2017-08-03 17:17:02 | 詩集
 第4詩集か。60頁に15編を載せる。
 比較的短い行分け詩で、具体的で明瞭な意味を持つ言葉をつなぎ合わせているのだが、全体の意味は次第にとりにくくなっていく。
 たとえば「桜」の冒頭は、「昼間 青空を世話している桜/足跡だけの人を追っていくと桜で消えるのを確かめた」といった具合である。何かの暗喩かとも思わせるのだが、そんなこともなくて”桜”はやはり桜なのだろう。
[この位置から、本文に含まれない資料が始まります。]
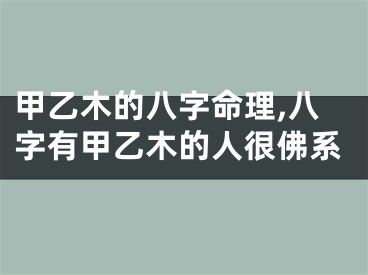 甲乙木的八字命理,八字有甲乙木的人很佛系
単純に意味をとろうとすれば、昼間は青空を背景に咲いていた桜の木のあたりで、夜、人の足跡が途絶えていた、ということなのだろうか。でも、こんな風に解釈をしてしまっては面白くないのだろう。

   私はそこで何かを学んでいるような気がする
   「夜桜にしかできない夜の壊し方がある」とか
   「夜桜が何の限度を試しているかは
   明かされていない」とか
   桜は毎年違うことをしている
   苦しくても それを見つけるまで見つめ続けるのだ

 この訳のわからなさをそのままに楽しむ。すると、読んでいる者にも桜の花びらが舞い散ってくるようになる(のだろう)。
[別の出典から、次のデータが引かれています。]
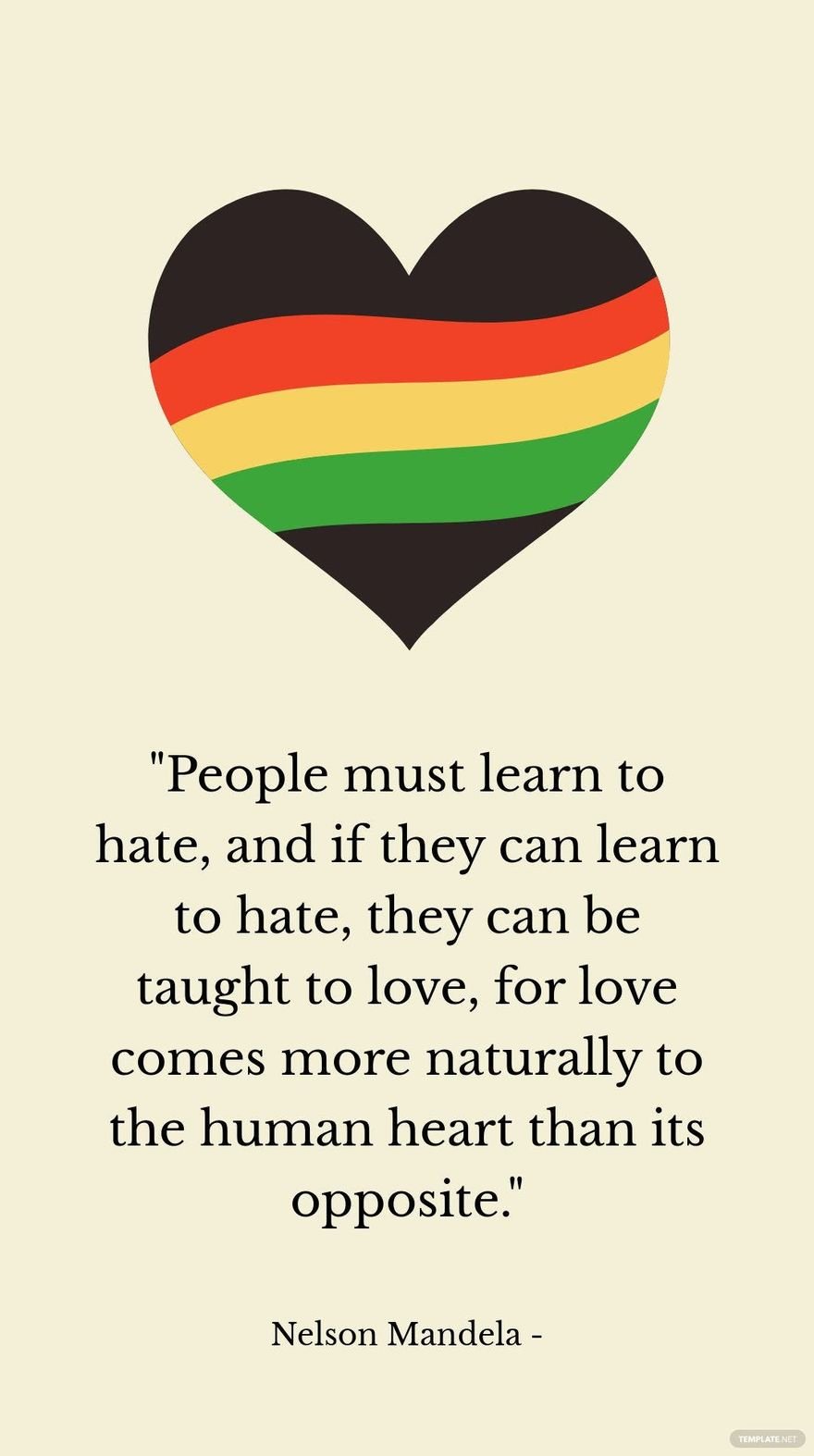 Nelson Mandela - People must learn to hate, and if they can learn to hate, they can be taught to love, for love comes more naturally to the human heart than its opposite.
 「チューリップ」では、そのままチューリップの花を詩っている。チューリップは「生死を超えて灯る」し、「秘儀を鍛えて垂直になる」のだ。こういった作品の場合、チューリップから出発してどれだけの広い世界を提示することができるかが、作品にとっては大切なことになるだろう。

   チューリップの外では
   どれ程多くの海を損ねてきたか
   どれ程多くの彗星を失ってきたか
   雛鳥を慈しみきれなかったか
   色素を整えきれずに叫んでいたか

 ただ、どの作品でも提示された世界が作者からあまり離れきれていないようで、それがいささか残念だった。